Entre les quatre murs violets de la pièce éclairée par le soleil qui passe entre les barreaux de l’unique fenêtre, une quinzaine d’enfants récitent les sept jours de la semaine. "Aujourd’hui, on apprend à lire le français avec les syllabes", explique Ikham, huit ans, en s’appliquant sur sa prononciation. Le petit garçon vit dans le bidonville de M’Tsapéré, à l’est de Mayotte, et vient régulièrement au Village d’Eva, une association qui vient en aide aux familles sans-papiers. Comme 5 000 à 10 000 autres enfants de l’île, selon une étude parue en février, Ikham n’a pas sa place dans les écoles publiques de Mayotte.

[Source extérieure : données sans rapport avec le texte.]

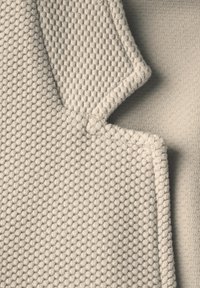 Beige textiel met textuur, voorzien van een geweven patroon aan de ene kant en een gladde afwerking aan de andere kant, met een afgeronde uitsparing en gestikte randen.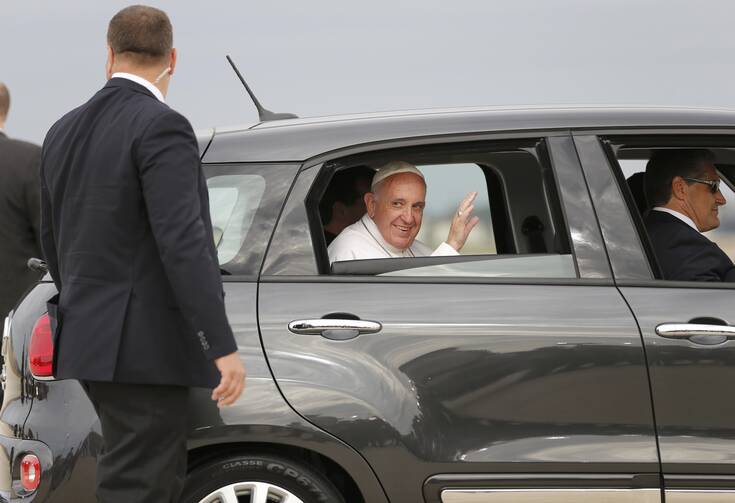 Pope Francis waves as he rides away in a Fiat after a short arrival ceremony on the airfield at Joint Base Andrews outside Washington Sept. 22, 2015. (CNS photo/Jonathan Ernst, Reuters)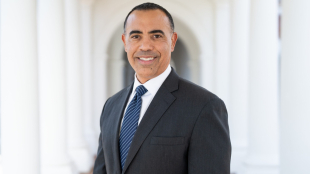Portrait of Ian Solomon smiling at the camera in a dark gray suit, white shirt, and blue striped tie, standing in a sunlit colonnade with softly blurred arches behind him. 
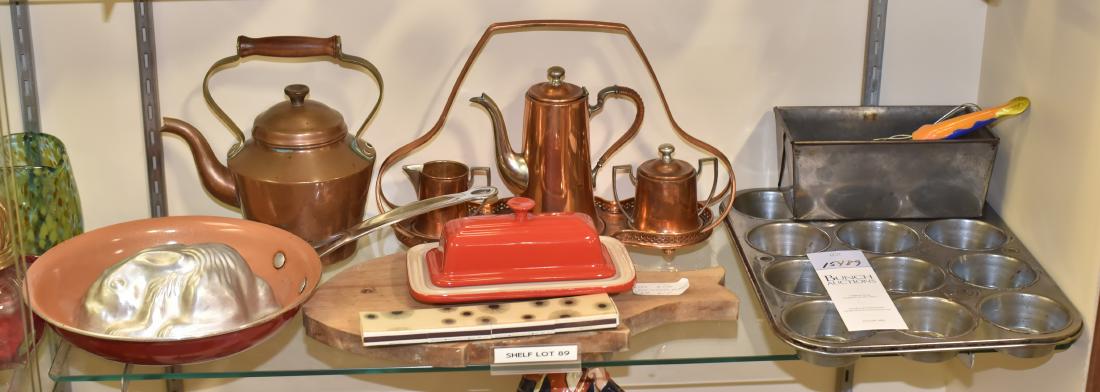 Shelf #89 - Kitchen Items: Shelf #89 - Kitchen items, including Le Creuset covered butter dish, fish shaped cutting board, rabbit mold, copper tea set with carrier, copper tea kettle, Bulbhead frying pan, muffin tin, tin loaf p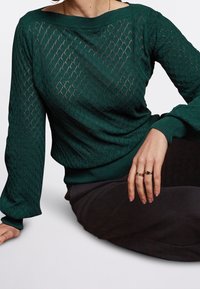 Femme assise portant un pull vert foncé texturé avec des motifs en losange et deux bagues à la main droite reposant sur sa jambe.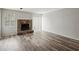 Living room with hardwood floors, fireplace and sliding door at 703 Pine Tree Trl, Atlanta, GA 30349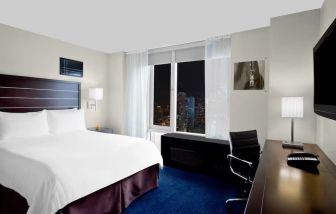 King bedroom with TV and work station at Hilton New York Fashion District.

Chaque année, l’association accueille plus de 800 mineurs, dont les parents sont en situation irrégulière, dans ses salles de classe. Une goutte d’eau par rapport à l’océan d’enfants non scolarisés. "Nous avons commencé en organisant des cours dans la rue, dans les bidonvilles. Maintenant, on ouvre des classes continuellement", se félicite le directeur, Sébastien Danjean, qui entend bien poursuivre son œuvre. (...)
"Beaucoup de parents ont peur"
Mais depuis quelques semaines, les bancs des salles de classe se font plus clairsemés. Depuis le début de l’opération Wuambushu, près de la moitié des élèves ne viennent plus en cours. Ils craignent les renforts policiers envoyés sur l’île par le ministre Gérald Darmanin pour lutter contre la délinquance, l’immigration illégale et les bidonvilles. "Beaucoup de parents ont peur de déposer leurs enfants et d’être arrêtés dans la foulée et expulsés. Certains bénévoles en situation irrégulière non plus n’osent plus venir", regrette le directeur. (...)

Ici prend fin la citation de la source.